Cumhur Arapça Halk;iyyet de aitlik demektir. Yani halka ait yönetim, bağımsızlık demektir. Cumhuriyet Arapça; demokrasi de aslında Yunanca da aynı sözcüktür. Ama uygulanışlarında demokraside olan ilkelerin tümü Cumhuriyetlerde aynı olmamıştır. Her Cumhuriyet bir demokrasi değildir. Her demokrasi de bir Cumhuriyet şekli değildir. Cumhuriyet halk iradesinin hakim olduğu bir yönetim biçimidir. Demokrasi bir yaşam biçimidir. Cumhuriyet ile demokrasi arasında sıkı bir bağ vardır. Yönetimi Cumhuriyet olan bir yerde halkın yönetime katılım oranı ne kadar fazla ise demokrasi o kadar iyi uygulanıyor demektir. Demokrasilerde özgür ve adil seçimlerle hükümeti seçebilmek için siyasi bir düzen gerekir. Demokrasilerde İnsanların uygar yaşamda ve politikada etkin biçimde rol alması şarttır. Ve en önemlisi tüm vatandaşlara eşit şekilde uygulanan kanun uygulamaları olmak zaruriyetidir. Demokrasinin içinde en ağırlıklı unsur Halktan sonra Devlettir.
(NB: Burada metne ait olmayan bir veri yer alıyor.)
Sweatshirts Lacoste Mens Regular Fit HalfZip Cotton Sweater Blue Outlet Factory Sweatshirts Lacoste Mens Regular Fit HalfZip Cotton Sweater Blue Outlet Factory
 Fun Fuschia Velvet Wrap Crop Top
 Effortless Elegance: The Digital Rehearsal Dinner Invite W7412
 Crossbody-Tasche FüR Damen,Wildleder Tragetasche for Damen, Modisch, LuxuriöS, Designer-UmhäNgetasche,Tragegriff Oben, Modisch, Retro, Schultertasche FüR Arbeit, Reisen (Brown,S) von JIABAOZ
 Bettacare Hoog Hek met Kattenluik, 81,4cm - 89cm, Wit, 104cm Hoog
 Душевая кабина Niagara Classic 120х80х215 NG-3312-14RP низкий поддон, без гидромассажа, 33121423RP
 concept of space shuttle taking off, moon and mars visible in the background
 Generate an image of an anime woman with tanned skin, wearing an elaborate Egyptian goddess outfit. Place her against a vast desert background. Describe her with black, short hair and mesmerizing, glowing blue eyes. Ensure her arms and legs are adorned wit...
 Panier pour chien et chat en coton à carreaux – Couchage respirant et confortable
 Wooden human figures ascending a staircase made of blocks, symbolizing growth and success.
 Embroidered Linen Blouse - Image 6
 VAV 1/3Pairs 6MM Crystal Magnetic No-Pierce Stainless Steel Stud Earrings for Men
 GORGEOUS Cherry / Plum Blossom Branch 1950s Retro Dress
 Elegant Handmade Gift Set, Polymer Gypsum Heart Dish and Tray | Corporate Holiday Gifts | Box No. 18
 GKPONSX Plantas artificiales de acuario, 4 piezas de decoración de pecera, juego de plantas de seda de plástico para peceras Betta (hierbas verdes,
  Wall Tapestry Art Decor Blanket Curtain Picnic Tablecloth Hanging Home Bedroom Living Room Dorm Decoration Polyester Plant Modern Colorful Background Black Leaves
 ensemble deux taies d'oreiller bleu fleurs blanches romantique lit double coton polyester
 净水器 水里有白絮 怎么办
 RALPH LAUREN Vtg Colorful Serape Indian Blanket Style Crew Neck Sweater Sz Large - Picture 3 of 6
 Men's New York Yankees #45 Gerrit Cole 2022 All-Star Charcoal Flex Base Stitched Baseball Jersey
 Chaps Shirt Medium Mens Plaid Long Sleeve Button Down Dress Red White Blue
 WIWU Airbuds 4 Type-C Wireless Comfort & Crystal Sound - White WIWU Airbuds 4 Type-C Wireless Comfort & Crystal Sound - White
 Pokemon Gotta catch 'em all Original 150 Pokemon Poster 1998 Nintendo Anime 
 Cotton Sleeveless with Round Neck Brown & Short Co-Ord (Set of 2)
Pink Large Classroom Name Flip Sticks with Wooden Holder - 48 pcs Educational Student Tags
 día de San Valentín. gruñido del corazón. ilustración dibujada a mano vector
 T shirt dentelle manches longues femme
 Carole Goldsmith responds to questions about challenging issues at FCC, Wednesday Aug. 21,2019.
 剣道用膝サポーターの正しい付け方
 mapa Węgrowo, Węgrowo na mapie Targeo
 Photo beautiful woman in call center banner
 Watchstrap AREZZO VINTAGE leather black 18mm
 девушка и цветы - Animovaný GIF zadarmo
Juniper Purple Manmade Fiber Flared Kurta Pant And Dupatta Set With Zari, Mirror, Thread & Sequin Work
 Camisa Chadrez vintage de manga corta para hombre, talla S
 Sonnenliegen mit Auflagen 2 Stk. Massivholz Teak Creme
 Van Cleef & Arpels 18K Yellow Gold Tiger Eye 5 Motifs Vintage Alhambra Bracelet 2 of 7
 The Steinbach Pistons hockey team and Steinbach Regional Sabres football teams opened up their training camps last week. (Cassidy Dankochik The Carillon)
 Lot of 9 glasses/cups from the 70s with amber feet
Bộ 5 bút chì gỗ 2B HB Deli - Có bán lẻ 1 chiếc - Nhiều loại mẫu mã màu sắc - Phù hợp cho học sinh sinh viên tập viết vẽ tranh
'Toplum yaşamında, ağırlığını üzerimizde en çok duyduğumuz kurumdur devlet. Her yönden kuşatmıştır bizi, her şeyiyle etkiler. Ve karışmadığı da yoktur: Düşüncemizden aşımıza ekmeğimize dek. Ama en az tanıdığımız da odur. Devletin ne olduğunu bilmeyiz pek. Niçin vardır? Aslında kimin adına, ne yapar? Bize bir şeyler anlatmışlardır ve onlarla yetinmemiz istenir. İşin gerçeğini biraz kurcalamaya kalksak, engel çıkarırlar, yasaklarla karşılaşırız, olmadık şeyler gelir başımıza. Demokrasi için de öyle. Sınıflı toplumların yazgısıdır bu! Oysa iyi bilmeliyiz bu kavramları; yalnız insan olarak hakkımız değil, yurttaş olarak görevimiz de. Sonra, bir yüzyılın bitiminde, özellikle demokrasi ve insan hakları, pek büyük bir güncellik kazanmış durumda ve evrensel değerler arasında; kuramdan uygulamaya geçmesi için, devletlerden olduğu kadar bireylerden beklenen de var. Böylece, ilgisiz kalamayız.' Server Tanilli hoca devlet ve demokrasiyi aynı isimli eserinde bu şekilde tanımlar. Devleti anlamadan, Demokrasiyi bilmeden ve bunları içselleştirmeden Bugün Ülkemizde yaşananları anlamak mümkün olamaz. Hele hele her şeyi getirip 15 Temmuz'a bağlayıp o hain gece ile açıklamak hiç olmaz. Yaşanan olumsuz havanın sorumluları sadece terör örgütüne bankalar dershaneler himmet paraları aracılığı ile lojistik destek verenler de olamaz. Devlet yapılanmasını az çok bilen her siyasinin kolayca anlatabileceği gibi şayet üst kademelerde bir takım destek almamış olsalar asla bu noktaya gelemeyeceklerdi. Yıllarca devletin her kurumuna sızarken devlet yavaş yavaş ele geçirilirken göz yumanlar yol açanlar şimdi sanki o günler hayatlarında olmamış gibi suçlu arıyorlar. Ve işin trajik tarafı yıllarca FETÖ ile mücadele eden siyasiler, gazeteciler, bürokratlar suçlanıp cezaevine gönderiliyorlar.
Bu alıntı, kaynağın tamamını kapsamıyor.